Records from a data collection

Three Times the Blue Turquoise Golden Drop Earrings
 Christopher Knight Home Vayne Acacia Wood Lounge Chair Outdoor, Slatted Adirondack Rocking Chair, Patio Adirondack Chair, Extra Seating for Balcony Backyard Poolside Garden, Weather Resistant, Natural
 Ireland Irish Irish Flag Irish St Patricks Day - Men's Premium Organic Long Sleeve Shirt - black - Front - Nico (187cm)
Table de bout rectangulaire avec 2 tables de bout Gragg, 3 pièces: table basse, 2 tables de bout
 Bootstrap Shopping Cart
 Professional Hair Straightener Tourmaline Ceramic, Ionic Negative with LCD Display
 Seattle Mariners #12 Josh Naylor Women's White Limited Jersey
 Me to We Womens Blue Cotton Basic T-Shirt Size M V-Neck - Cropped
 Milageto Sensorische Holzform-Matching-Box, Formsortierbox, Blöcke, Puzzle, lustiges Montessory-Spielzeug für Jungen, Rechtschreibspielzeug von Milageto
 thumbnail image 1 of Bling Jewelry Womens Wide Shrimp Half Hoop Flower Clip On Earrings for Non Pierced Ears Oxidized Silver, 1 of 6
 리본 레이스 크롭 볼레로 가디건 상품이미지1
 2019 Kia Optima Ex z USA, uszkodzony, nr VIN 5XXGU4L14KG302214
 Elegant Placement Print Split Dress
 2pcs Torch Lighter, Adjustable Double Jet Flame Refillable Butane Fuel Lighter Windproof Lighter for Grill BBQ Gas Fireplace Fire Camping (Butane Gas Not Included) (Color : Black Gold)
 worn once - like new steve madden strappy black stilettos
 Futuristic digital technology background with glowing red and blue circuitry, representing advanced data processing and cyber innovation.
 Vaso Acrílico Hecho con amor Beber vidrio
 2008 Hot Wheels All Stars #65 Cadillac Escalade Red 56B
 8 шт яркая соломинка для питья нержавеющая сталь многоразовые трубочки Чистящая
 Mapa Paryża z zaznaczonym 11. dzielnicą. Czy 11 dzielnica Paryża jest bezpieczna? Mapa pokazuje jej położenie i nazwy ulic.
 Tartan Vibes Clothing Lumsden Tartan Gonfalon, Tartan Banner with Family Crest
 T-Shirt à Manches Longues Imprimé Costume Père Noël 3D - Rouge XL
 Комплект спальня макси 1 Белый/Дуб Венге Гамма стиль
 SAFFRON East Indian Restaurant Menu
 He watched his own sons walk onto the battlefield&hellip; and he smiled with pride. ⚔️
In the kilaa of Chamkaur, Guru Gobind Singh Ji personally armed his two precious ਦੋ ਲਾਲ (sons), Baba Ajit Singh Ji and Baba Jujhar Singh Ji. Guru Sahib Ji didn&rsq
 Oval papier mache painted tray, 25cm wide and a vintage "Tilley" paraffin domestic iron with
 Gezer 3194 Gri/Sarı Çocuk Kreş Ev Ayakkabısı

* _Instructions to follow_
Return the full data, every line of it, with nothing altered.

* _Response for this exercise_
Three Times the Blue Turquoise Golden Drop Earrings
 Christopher Knight Home Vayne Acacia Wood Lounge Chair Outdoor, Slatted Adirondack Rocking Chair, Patio Adirondack Chair, Extra Seating for Balcony Backyard Poolside Garden, Weather Resistant, Natural
 Ireland Irish Irish Flag Irish St Patricks Day - Men's Premium Organic Long Sleeve Shirt - black - Front - Nico (187cm)
Table de bout rectangulaire avec 2 tables de bout Gragg, 3 pièces: table basse, 2 tables de bout
 Bootstrap Shopping Cart
 Professional Hair Straightener Tourmaline Ceramic, Ionic Negative with LCD Display
 Seattle Mariners #12 Josh Naylor Women's White Limited Jersey
 Me to We Womens Blue Cotton Basic T-Shirt Size M V-Neck - Cropped
 Milageto Sensorische Holzform-Matching-Box, Formsortierbox, Blöcke, Puzzle, lustiges Montessory-Spielzeug für Jungen, Rechtschreibspielzeug von Milageto
 thumbnail image 1 of Bling Jewelry Womens Wide Shrimp Half Hoop Flower Clip On Earrings for Non Pierced Ears Oxidized Silver, 1 of 6
 리본 레이스 크롭 볼레로 가디건 상품이미지1
 2019 Kia Optima Ex z USA, uszkodzony, nr VIN 5XXGU4L14KG302214
 Elegant Placement Print Split Dress
 2pcs Torch Lighter, Adjustable Double Jet Flame Refillable Butane Fuel Lighter Windproof Lighter for Grill BBQ Gas Fireplace Fire Camping (Butane Gas Not Included) (Color : Black Gold)
 worn once - like new steve madden strappy black stilettos
 Futuristic digital technology background with glowing red and blue circuitry, representing advanced data processing and cyber innovation.
 Vaso Acrílico Hecho con amor Beber vidrio
 2008 Hot Wheels All Stars #65 Cadillac Escalade Red 56B
 8 шт яркая соломинка для питья нержавеющая сталь многоразовые трубочки Чистящая
 Mapa Paryża z zaznaczonym 11. dzielnicą. Czy 11 dzielnica Paryża jest bezpieczna? Mapa pokazuje jej położenie i nazwy ulic.
 Tartan Vibes Clothing Lumsden Tartan Gonfalon, Tartan Banner with Family Crest
 T-Shirt à Manches Longues Imprimé Costume Père Noël 3D - Rouge XL
 Комплект спальня макси 1 Белый/Дуб Венге Гамма стиль
 SAFFRON East Indian Restaurant Menu
 He watched his own sons walk onto the battlefield&hellip; and he smiled with pride. ⚔️
In the kilaa of Chamkaur, Guru Gobind Singh Ji personally armed his two precious ਦੋ ਲਾਲ (sons), Baba Ajit Singh Ji and Baba Jujhar Singh Ji. Guru Sahib Ji didn&rsq
 Oval papier mache painted tray, 25cm wide and a vintage "Tilley" paraffin domestic iron with
 Gezer 3194 Gri/Sarı Çocuk Kreş Ev Ayakkabısı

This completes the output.